Container Security

Container Runtime Security Comparison: runc, gVisor, Kata, and Firecracker

Your container runtime determines the strength of your isolation boundary. Here is an honest comparison of runc, gVisor, Kata Containers, and Firecracker from a security perspective.

Bob
Infrastructure Security Lead
7 min read

The container runtime sits between your workload and the host kernel. It defines the isolation boundary. A weak runtime means a compromised container is one kernel exploit away from owning the host. A strong runtime means you can run untrusted workloads with confidence.

Most Kubernetes clusters run runc. Most Kubernetes clusters are one CVE away from cluster-wide compromise. Here is why, and what the alternatives actually offer.

runc: The Default Standard

runc is the OCI reference implementation.
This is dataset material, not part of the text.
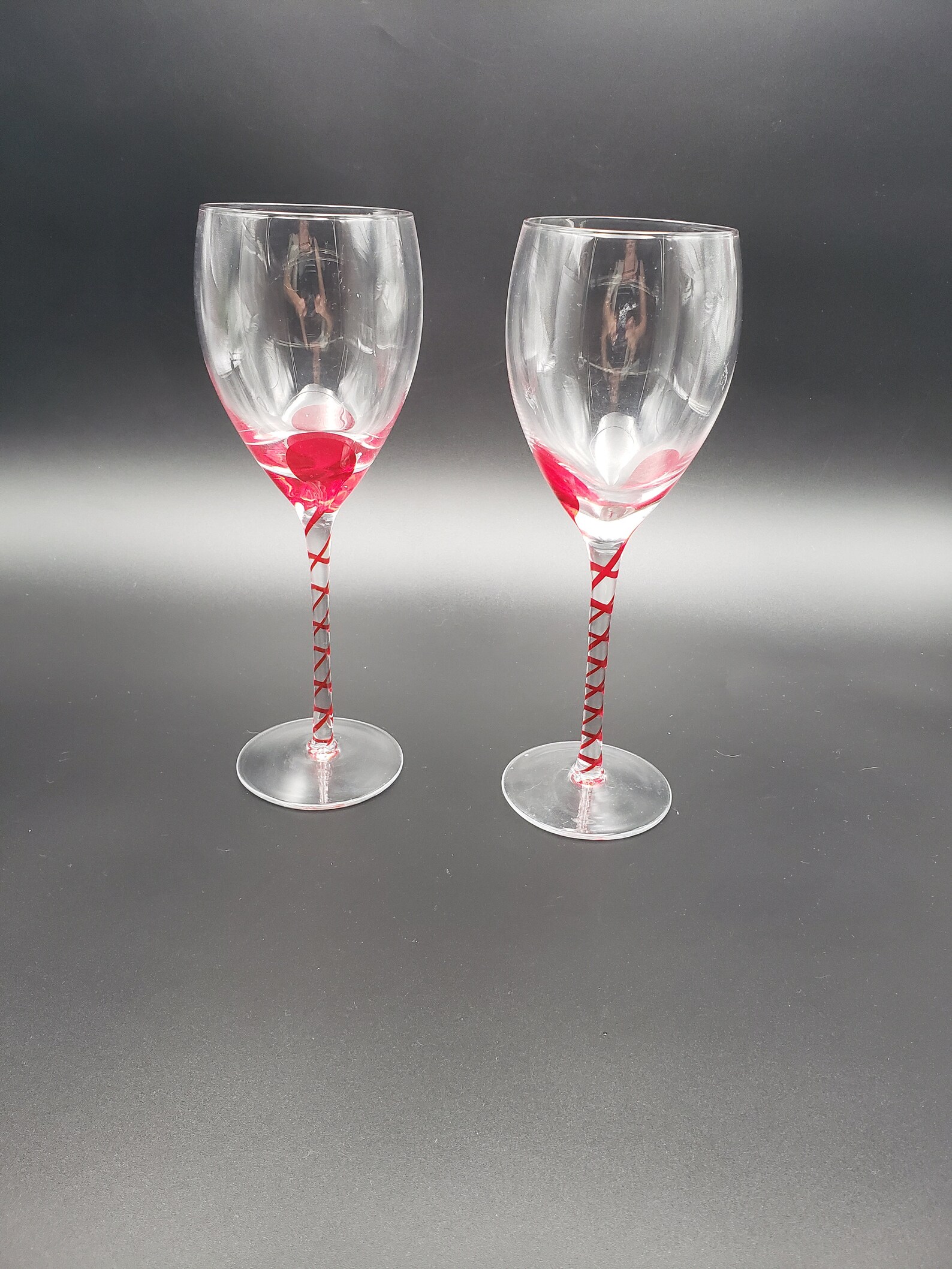 Swirl red Pier 1 wine glasses RED Swirl Stem Set of 2 Etsy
Docker, containerd, and CRI-O all use runc by default. It creates containers using Linux kernel primitives: namespaces for isolation, cgroups for resource limits, seccomp for syscall filtering, and AppArmor or SELinux for mandatory access control.

Security Model

runc containers share the host kernel. Every container on a node executes syscalls against the same kernel. This is efficient—no duplication, minimal overhead—but it creates a shared attack surface.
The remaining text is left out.